El articulado de la nueva ley ha sido objeto de muchas impugnaciones, pero en el mismo asoman dos tendencias que no acaban de ser reconocidas, ambas muy peligrosas y que convergen en el mismo eje: la adicción de los actores hacia el actual estado de cosas. Una autoridad civil incompetente para crear policías estatales y federal capaces de contener el fenómeno de la violencia criminal, y una casta militar, en el Ejército y en la Marina, apegada a un modelo que la dota de enorme poder pero que le impone un delicado desgaste, en materia de responsabilidad jurídica (lo que atiende la nueva ley), en costo social y lo más alarmante, en corrupción de sus mandos.
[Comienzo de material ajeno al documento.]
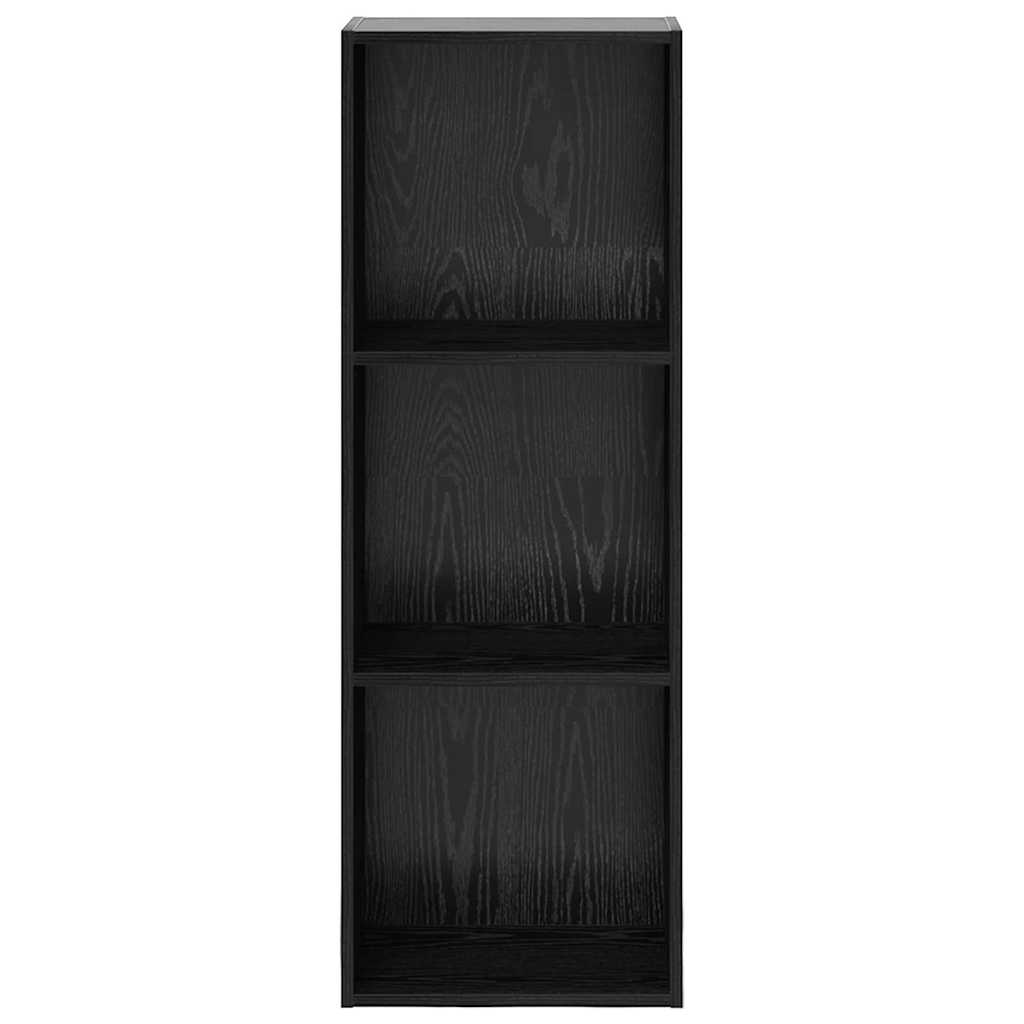 Bücherregal Schwarz Eichen-Optik 40 x 30 x 114 cm Holzwerkstoff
Un botón de muestra de lo que hoy ocurre es el gobierno de Tamaulipas, que experimentó una alternancia partidista tras más de 80 años de gobiernos del PRI. Los nuevos funcionarios  encontraron que financiar la participación militar en seguridad en el estado supone un gasto anual cercano a los 600 millones de pesos, muy superior a lo que costaría renovar a todos los cuerpos policiacos de la entidad.

En condición similar se halla el resto de los estados con mayores índices de inseguridad, de acuerdo con cifras de agencias federales consultadas por este espacio. Por su parte, fuentes de gobiernos estatales aseguraron que el irregular, casi impredecible flujo de participaciones federales por parte de la Federación impone en el pago errático de sueldos a cuerpos de seguridad, lo que los torna en presa fácil de las mafias, como ocurrió en el pasado incluso con la fuerza de élite militar denominada GAFE, mal pagada y finamente cooptada por bandas del narcotráfico, lo que derivó en la formación original de Los Zetas.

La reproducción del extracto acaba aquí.